Nuestra tendencia a envolvernos en nuestras propias vidas, carreras y relaciones puede, involuntariamente, situar a nuestros padres en una encrucijada de soledad y melancolía, una fase donde quizás sus corazones palpiten con un deseo no expresado de simplemente ser vistos, escuchados y amados con la misma intensidad y sin restricciones con la que ellos nos han amado.

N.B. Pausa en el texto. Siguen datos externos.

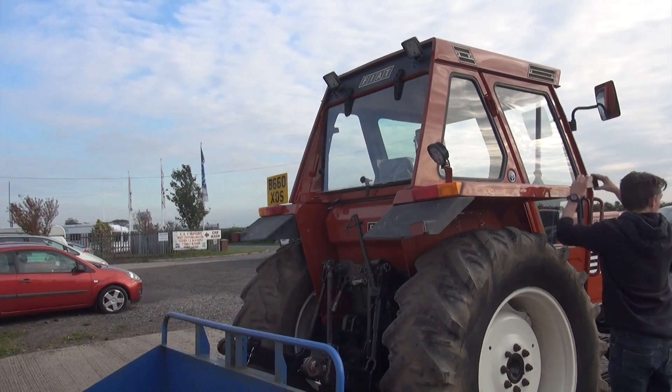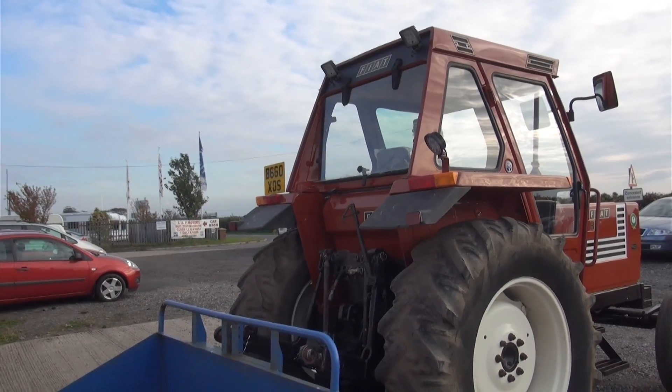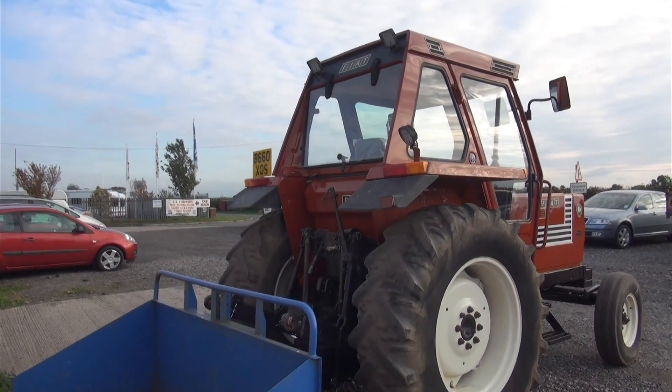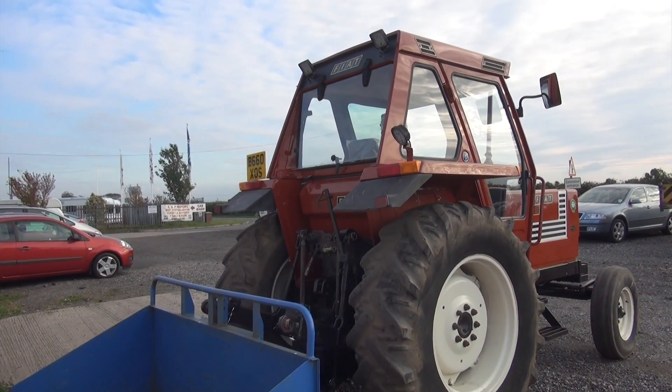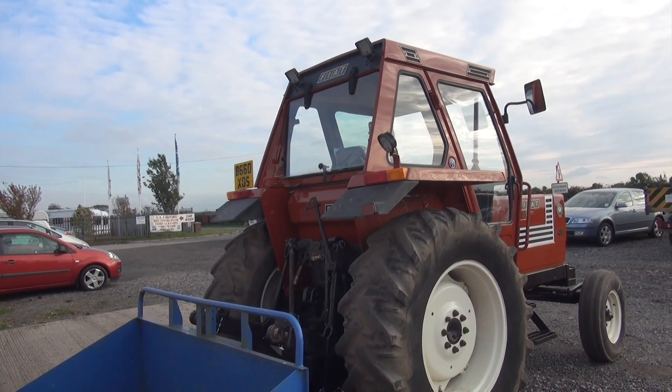So it's B660XOS — wherever that came from, I don't know. I do believe that Peter bought this on eBay. He did tell me where it came from, but as per usual, forgotten.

En un mundo donde lo superficial suele ganar terreno, debemos elevar nuestra mirada hacia ellos, no como una obligación, sino como un gesto genuino y profundo de amor y gratitud. Es un llamado a honrar su presencia, sus sonrisas y sus lágrimas, sus historias y sus sacrificios.
No esperemos a que el tiempo nos quite la oportunidad de decir “te amo”, de preguntar cómo ha sido su día o de simplemente estar allí, siendo un refugio, así como ellos lo han sido para nosotros. Amar y cuidar de nuestros padres es una forma de devolverles, aunque sea en mínima parte, lo que han hecho por nosotros.
Es un recordatorio de que la familia, con sus imperfecciones y desafíos, es un puerto seguro. Aprovechemos cada instante con ellos, abracémoslos y cultivemos la paciencia y la compasión que requieren, tal como nosotros las necesitábamos en nuestra infancia y juventud. No esperemos hasta que sea demasiado tarde para ofrecerles amor incondicional; ese remordimiento se clavaría como un cuchillo en el corazón, dejando una herida que jamás sanará.